(SUPPLIED ENTRIES)
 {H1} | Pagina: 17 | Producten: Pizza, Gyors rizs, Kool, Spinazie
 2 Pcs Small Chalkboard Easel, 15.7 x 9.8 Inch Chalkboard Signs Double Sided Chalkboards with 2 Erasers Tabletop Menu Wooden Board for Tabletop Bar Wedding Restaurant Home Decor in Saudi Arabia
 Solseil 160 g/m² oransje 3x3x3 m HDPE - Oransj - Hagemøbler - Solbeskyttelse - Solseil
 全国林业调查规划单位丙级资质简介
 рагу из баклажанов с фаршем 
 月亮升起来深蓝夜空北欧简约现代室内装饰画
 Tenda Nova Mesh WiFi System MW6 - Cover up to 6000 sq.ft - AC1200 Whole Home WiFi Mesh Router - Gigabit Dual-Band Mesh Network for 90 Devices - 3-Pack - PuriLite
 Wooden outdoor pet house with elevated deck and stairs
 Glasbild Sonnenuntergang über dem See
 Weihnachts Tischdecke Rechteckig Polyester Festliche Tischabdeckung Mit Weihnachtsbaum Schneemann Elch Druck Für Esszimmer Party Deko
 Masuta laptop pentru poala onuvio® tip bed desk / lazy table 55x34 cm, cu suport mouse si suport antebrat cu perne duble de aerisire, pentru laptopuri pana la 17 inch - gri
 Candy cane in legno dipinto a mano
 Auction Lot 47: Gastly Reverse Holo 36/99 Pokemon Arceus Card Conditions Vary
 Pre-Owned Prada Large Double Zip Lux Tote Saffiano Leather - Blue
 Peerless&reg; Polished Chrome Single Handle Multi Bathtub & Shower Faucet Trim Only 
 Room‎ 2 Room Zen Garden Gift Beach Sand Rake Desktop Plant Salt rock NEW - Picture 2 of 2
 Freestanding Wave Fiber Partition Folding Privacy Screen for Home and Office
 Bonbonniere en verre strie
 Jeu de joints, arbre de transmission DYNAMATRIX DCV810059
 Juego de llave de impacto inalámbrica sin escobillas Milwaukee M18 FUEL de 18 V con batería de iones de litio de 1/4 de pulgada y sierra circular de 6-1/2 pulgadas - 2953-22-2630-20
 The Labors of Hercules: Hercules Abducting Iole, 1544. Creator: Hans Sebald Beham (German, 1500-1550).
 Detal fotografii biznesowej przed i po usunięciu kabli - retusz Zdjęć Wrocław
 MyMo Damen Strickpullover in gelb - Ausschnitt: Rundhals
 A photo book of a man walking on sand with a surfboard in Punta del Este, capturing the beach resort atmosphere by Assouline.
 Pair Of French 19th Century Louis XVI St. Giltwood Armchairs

(YOUR INSTRUCTIONS) The entries shown above must be restated word for word.

(WRITTEN RESPONSE)
 {H1} | Pagina: 17 | Producten: Pizza, Gyors rizs, Kool, Spinazie
 2 Pcs Small Chalkboard Easel, 15.7 x 9.8 Inch Chalkboard Signs Double Sided Chalkboards with 2 Erasers Tabletop Menu Wooden Board for Tabletop Bar Wedding Restaurant Home Decor in Saudi Arabia
 Solseil 160 g/m² oransje 3x3x3 m HDPE - Oransj - Hagemøbler - Solbeskyttelse - Solseil
 全国林业调查规划单位丙级资质简介
 рагу из баклажанов с фаршем 
 月亮升起来深蓝夜空北欧简约现代室内装饰画
 Tenda Nova Mesh WiFi System MW6 - Cover up to 6000 sq.ft - AC1200 Whole Home WiFi Mesh Router - Gigabit Dual-Band Mesh Network for 90 Devices - 3-Pack - PuriLite
 Wooden outdoor pet house with elevated deck and stairs
 Glasbild Sonnenuntergang über dem See
 Weihnachts Tischdecke Rechteckig Polyester Festliche Tischabdeckung Mit Weihnachtsbaum Schneemann Elch Druck Für Esszimmer Party Deko
 Masuta laptop pentru poala onuvio® tip bed desk / lazy table 55x34 cm, cu suport mouse si suport antebrat cu perne duble de aerisire, pentru laptopuri pana la 17 inch - gri
 Candy cane in legno dipinto a mano
 Auction Lot 47: Gastly Reverse Holo 36/99 Pokemon Arceus Card Conditions Vary
 Pre-Owned Prada Large Double Zip Lux Tote Saffiano Leather - Blue
 Peerless&reg; Polished Chrome Single Handle Multi Bathtub & Shower Faucet Trim Only 
 Room‎ 2 Room Zen Garden Gift Beach Sand Rake Desktop Plant Salt rock NEW - Picture 2 of 2
 Freestanding Wave Fiber Partition Folding Privacy Screen for Home and Office
 Bonbonniere en verre strie
 Jeu de joints, arbre de transmission DYNAMATRIX DCV810059
 Juego de llave de impacto inalámbrica sin escobillas Milwaukee M18 FUEL de 18 V con batería de iones de litio de 1/4 de pulgada y sierra circular de 6-1/2 pulgadas - 2953-22-2630-20
 The Labors of Hercules: Hercules Abducting Iole, 1544. Creator: Hans Sebald Beham (German, 1500-1550).
 Detal fotografii biznesowej przed i po usunięciu kabli - retusz Zdjęć Wrocław
 MyMo Damen Strickpullover in gelb - Ausschnitt: Rundhals
 A photo book of a man walking on sand with a surfboard in Punta del Este, capturing the beach resort atmosphere by Assouline.
 Pair Of French 19th Century Louis XVI St. Giltwood Armchairs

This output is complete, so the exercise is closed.